→ Exercise brief
In the data below, locate the line containing "Продается Lada Vesta SW 1.8, 2020 года." and the line containing "Used 2018 Mercedes-Benz", then retype both and everything between them exactly. Pictures are not part of the copy.

→ Data to examine
_ _ _ _

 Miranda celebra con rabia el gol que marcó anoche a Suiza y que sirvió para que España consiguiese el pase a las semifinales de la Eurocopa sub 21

_ _ _ _

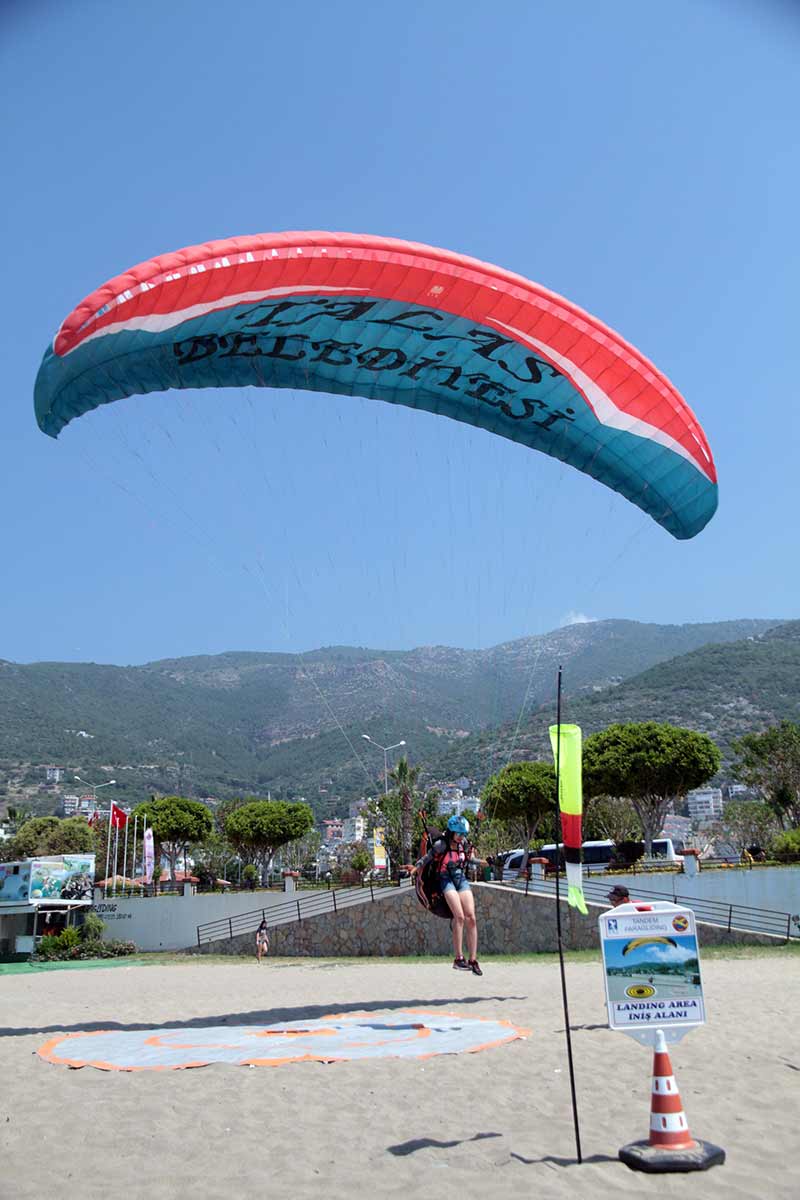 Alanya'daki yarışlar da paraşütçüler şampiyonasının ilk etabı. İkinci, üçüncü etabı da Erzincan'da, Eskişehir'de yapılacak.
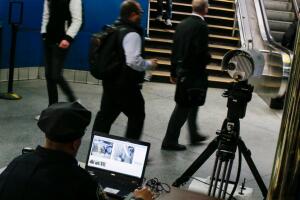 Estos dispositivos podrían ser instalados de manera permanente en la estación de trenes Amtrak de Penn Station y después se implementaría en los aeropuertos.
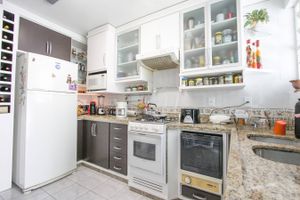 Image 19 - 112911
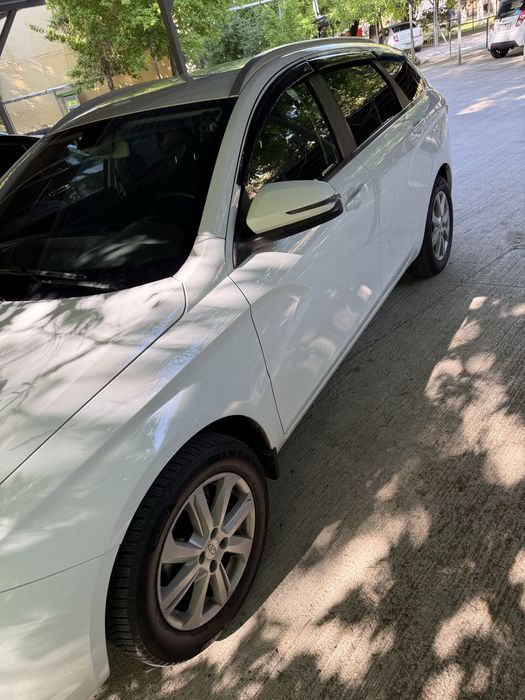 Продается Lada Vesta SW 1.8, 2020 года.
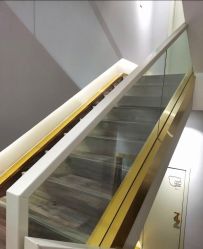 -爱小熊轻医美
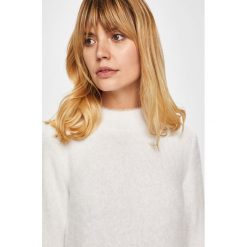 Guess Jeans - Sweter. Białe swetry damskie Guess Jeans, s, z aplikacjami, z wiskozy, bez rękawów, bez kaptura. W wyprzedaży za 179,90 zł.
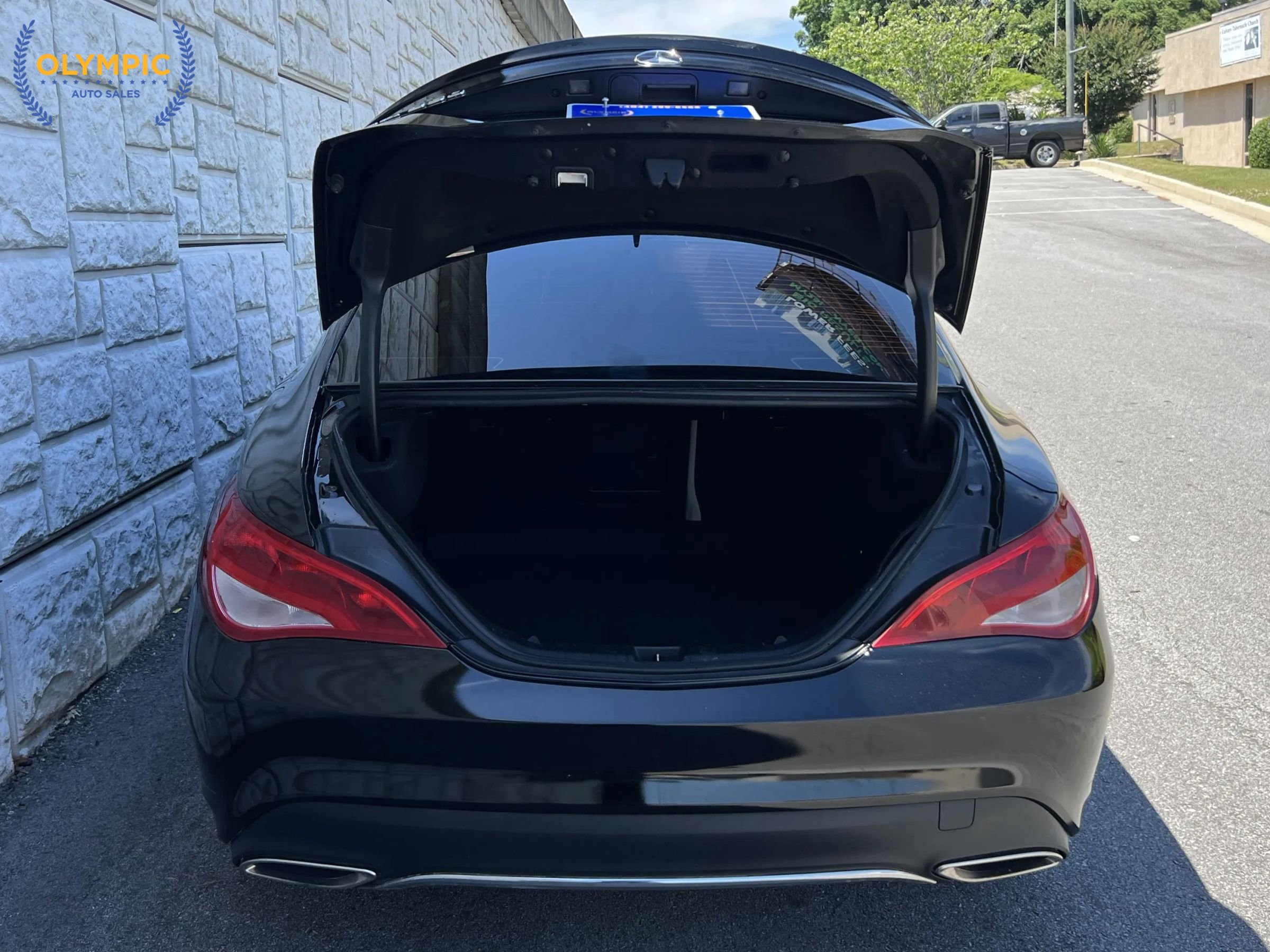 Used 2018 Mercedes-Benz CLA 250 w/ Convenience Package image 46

_ _ _ _

→ Solution to the exercise
 Продается Lada Vesta SW 1.8, 2020 года.
 -爱小熊轻医美
 Guess Jeans - Sweter. Białe swetry damskie Guess Jeans, s, z aplikacjami, z wiskozy, bez rękawów, bez kaptura. W wyprzedaży za 179,90 zł.
 Used 2018 Mercedes-Benz CLA 250 w/ Convenience Package image 46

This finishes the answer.